Our leading actress, a pure damsel in distress, has been subjected to a horrific life locked up in the house by her biological mother and her mother’s new lover – a former hated enemy of her dad’s. Beaten and abused since a small child, she finally falls in love with the man of her dreams – a wickedly handsome fruit farmer. Now, the fruit farmer may be a bit of a stunner, but what he lacks is the financial status desired by mum and crooked dad-in-law. Anyway, the couple secretly elope and have a darling baby, sadly for the toddler and happy mom and dad however, the leading actress has been forced into an arranged marriage with the local gun-toting gangster, the first son of an ever-mighty popular politician. Heartbreaks all around – the love-child has been sold for adoption, the star acting fruit farmer has been forced into army service and the leading actress leads a complete life of misery in the arms of a scoundrel.

A complete tear-jerker beyond words and the audience just lap it up. Gladly, in the final episode however, the dreaded gangster husband gets arrested and sent to life imprisonment and the fateful couple and their beloved child are reunited and everyone lives happily ever after.

The viewers just love a ‘rags to riches’ tale and the more emotionally moving, the better. What is compulsory however, is a happy ending, and nothing like any disastrous finale as in Romeo and Juliet. As in accordance to the laws of ‘Buddhist Khamma’, ‘goodness’ always wins over ‘badness’. Thai TV Soap Operas for the viewers are quite obviously a distraction from the usual burdens of every day reality just like the fortnightly media story of ‘Govt. Lottery Jackpot Winner!’ Such stories truly are a heavenly hope for those born into either economic or/and loveless misery – actually, not that much different from such dramas in the Western world.

Besides the ever-loved modern-day ‘Lakhorn Nam Nao’ there is also the early evening super family-favourite ‘Ancient Fable Drama’, again another rags to riches tale of some beautiful country bumpkin who marries an shockingly good-looking lad with absolutely stacks of cash. Here below is a typical ‘ancient fable’ plot.

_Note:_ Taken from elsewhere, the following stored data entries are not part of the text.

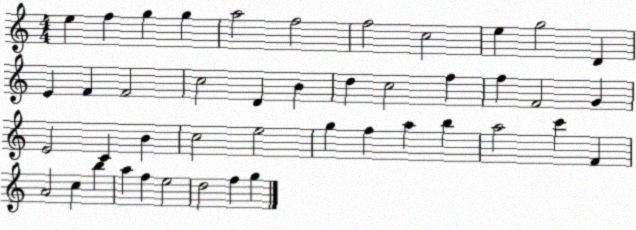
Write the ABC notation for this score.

X:1
T:Untitled
M:4/4
L:1/4
K:C
e f g g a2 f2 f2 c2 e g2 D E F F2 c2 D B d c2 f f F2 G E2 C B c2 e2 g f a b a2 c' F A2 c b a f e2 d2 f g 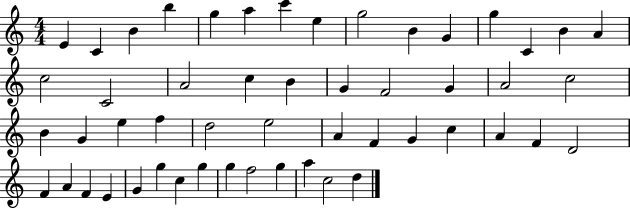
E4/q C4/q B4/q B5/q G5/q A5/q C6/q E5/q G5/h B4/q G4/q G5/q C4/q B4/q A4/q C5/h C4/h A4/h C5/q B4/q G4/q F4/h G4/q A4/h C5/h B4/q G4/q E5/q F5/q D5/h E5/h A4/q F4/q G4/q C5/q A4/q F4/q D4/h F4/q A4/q F4/q E4/q G4/q G5/q C5/q G5/q G5/q F5/h G5/q A5/q C5/h D5/q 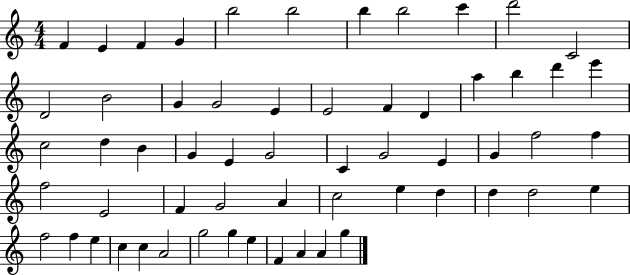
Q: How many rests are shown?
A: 0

Our leading actor is a Prince from the past, residing in a spectacularly huge castle. Feeling distraught at the prospect of having to marry into an extremely boring posh family of ’Hi-Society’ orders instead, his servants to find him a fine prospective down-to-earth bride from the local village. Meanwhile, ( just as in ‘Cinderella’) the leading actress has been abused by her hatefully angry elder step-sisters who do everything in their power to potentially ruin any possible understanding between the handsome Prince and the stunning poor leading actress. Adding a bit of distinctive Thai flavour to the story however, there are plenty of sordid castle insights into common-in-laws wives feuding and fighting with jealous minor wives. Then, for an extra splash of humour there is a one-legged nine-foot giant and a platoon of three-foot real-life dwarves running around Snow-White-style. Of course in the end, the perfect ‘Prince’ and the country-beauty are united, married, have two lovely kids and live happily ever after.

Thankfully, Thailand is a country that loves ‘Beauty’ and the land’s soap operas has plenty of that on show. The locations, houses and especially female stars are quite splendid. None of the locations suffer from air-pollution, none of the houses suffer from frequent power-cuts and all the actresses are constantly dressed and dolled-up to the heavens as if they were off to some fancy ball.

Just in case you were wondering about the lack of love scenes in Thai Soap Operas, then please be advised that such awful Western influence is banned from Thai TV. A quick cuddle between the leading actress and actor is perfectly all right but as for any scenes of the couple actually kissing, such filming is strictly prohibited unless the couple has been married in part. This is due to the country’s Ministry of Culture, who after much timely and costly research have deciphered that such intimacies do not occur in Thailand outside of marriage. So, if you want to see any filthy un-Thai stuff like that you had better go back to watching soap operas in Farangland.